[[ SUPPLIED RECORDS open ]]

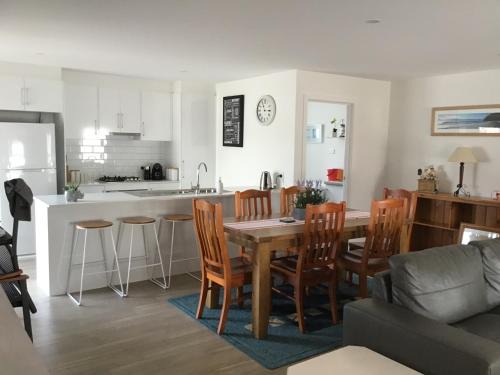Warilla House | Discover Warilla Bright and Airy Townhouse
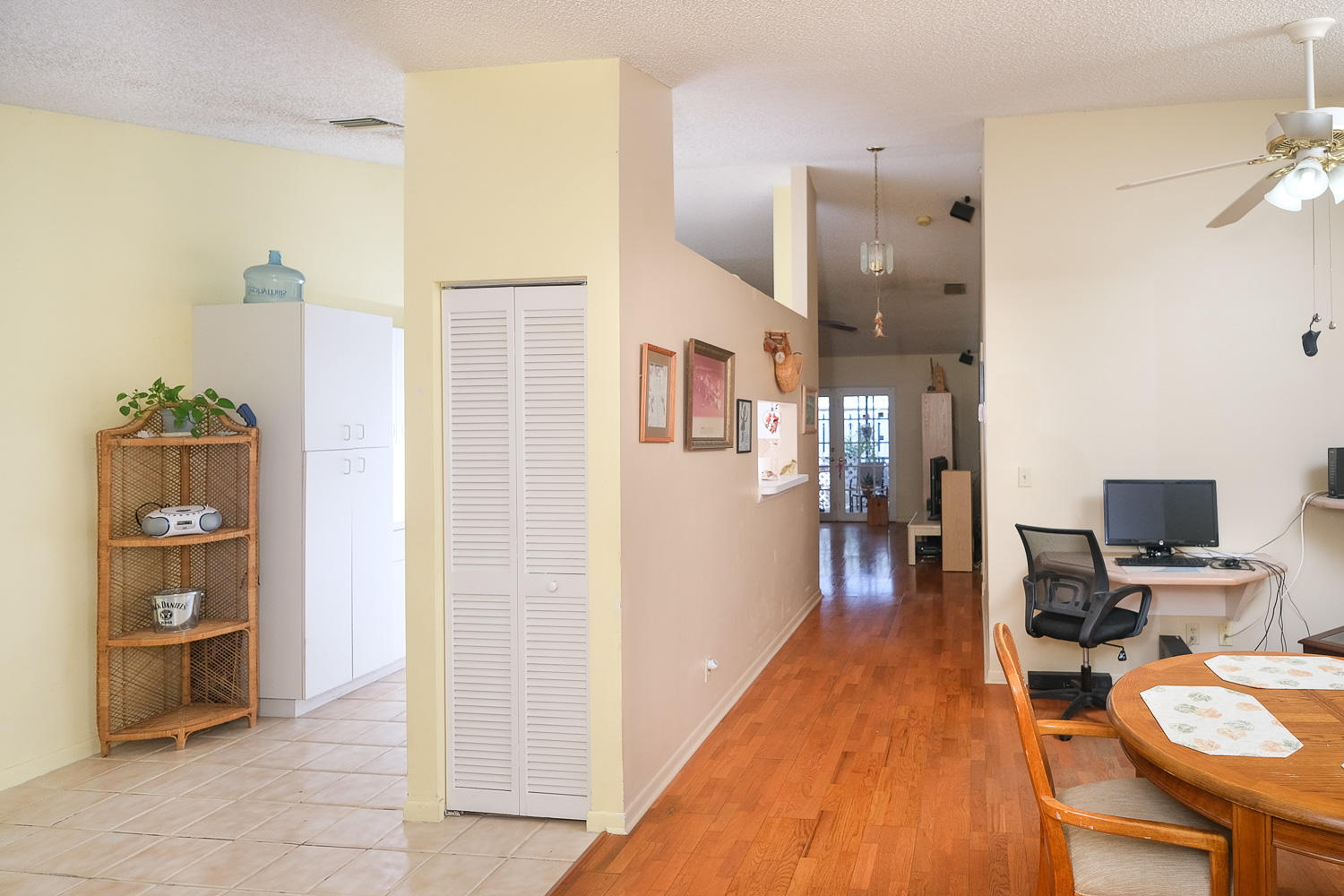 4520 Feivel Road, Unit 51 West Palm Beach, FL 33417 - Photo 3 of 16 012_XT3F2043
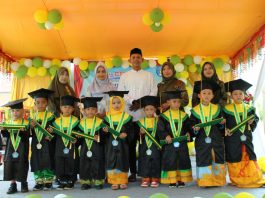 Gelar Perpisahan, PAUD Ariqa Fatina Desa Sialang Panjang Lepas 9 Orang Peserta Didik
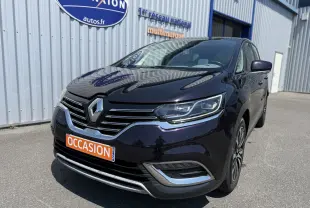 Vue 3/4 avant droite d'un Renault Espace V noir avec calandre chromée et plaque "OCCASION" orange devant un bâtiment industriel.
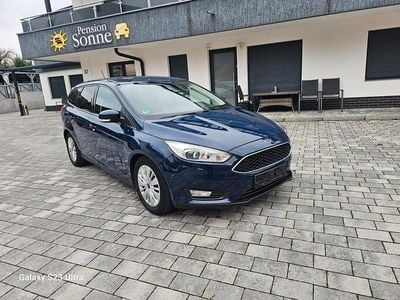 Gebraucht Ford Focus Business Edition 150 PS (110 kW) 2016 Blau Kombi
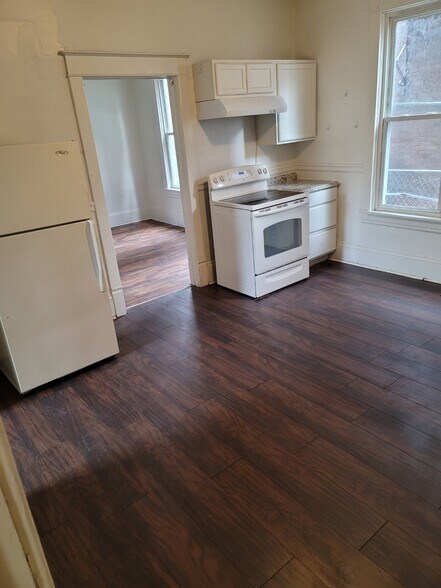 Building Photo - 1608 W Lincoln Ave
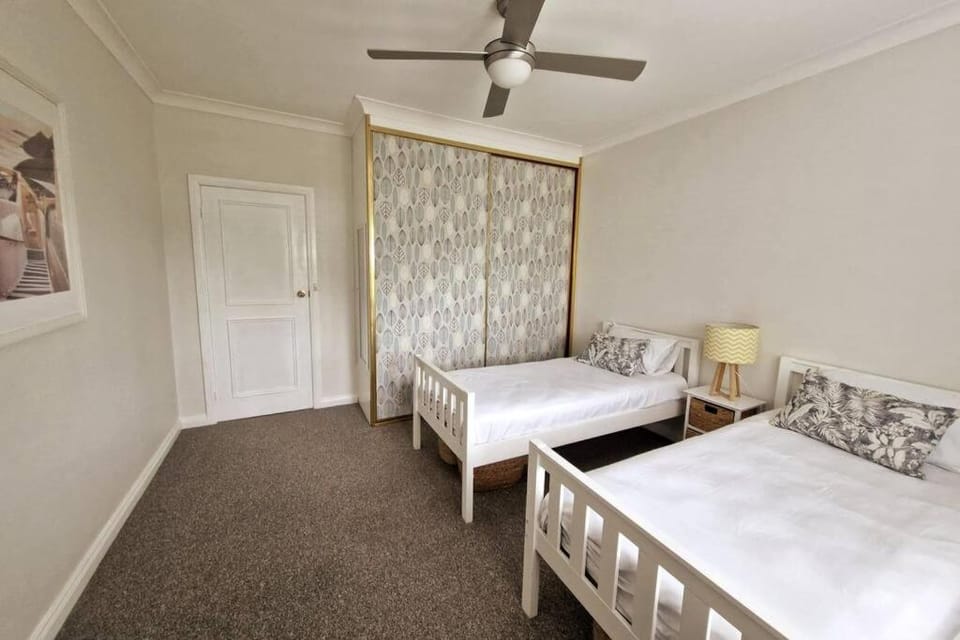 3-bed recently-renovated - now with aircon & heating - unit 1 House in Shoal Bay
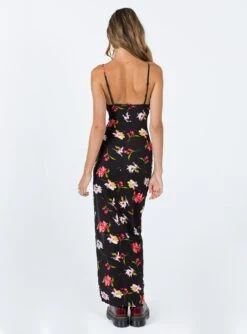 Princess Polly Brailey Maxi Dress Black Multi -Polly Clothing Shop 4 modelinfo Kiana us2 94369931 8eee 4c57 9dd6 f8f45fc7e8a8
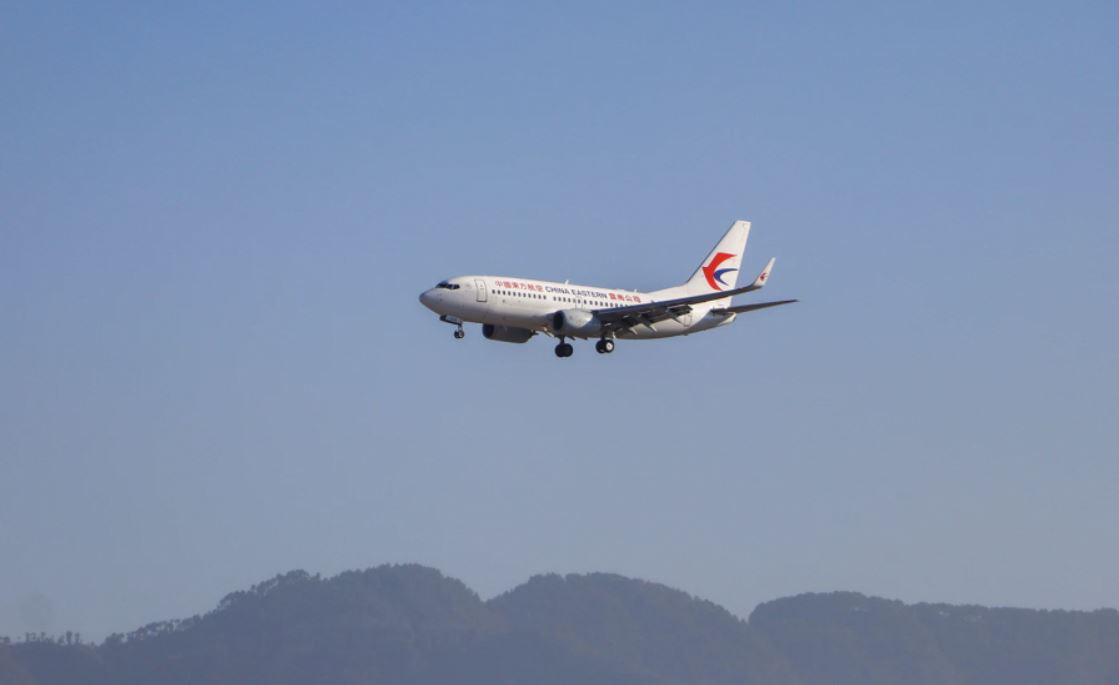 В Непале пропал самолет с 22 людьми на борту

[[ SUPPLIED RECORDS closed ]]

_PROBLEM TO WORK ON_: Copy word for word only the lines above from the one with "4520 Feivel Road, Unit" through the one with "Building Photo - 1608 W Lincoln Ave". Leave pictures out.

_OUTPUT BELOW_:
 4520 Feivel Road, Unit 51 West Palm Beach, FL 33417 - Photo 3 of 16 012_XT3F2043
 Gelar Perpisahan, PAUD Ariqa Fatina Desa Sialang Panjang Lepas 9 Orang Peserta Didik
 Vue 3/4 avant droite d'un Renault Espace V noir avec calandre chromée et plaque "OCCASION" orange devant un bâtiment industriel.
 Gebraucht Ford Focus Business Edition 150 PS (110 kW) 2016 Blau Kombi
 Building Photo - 1608 W Lincoln Ave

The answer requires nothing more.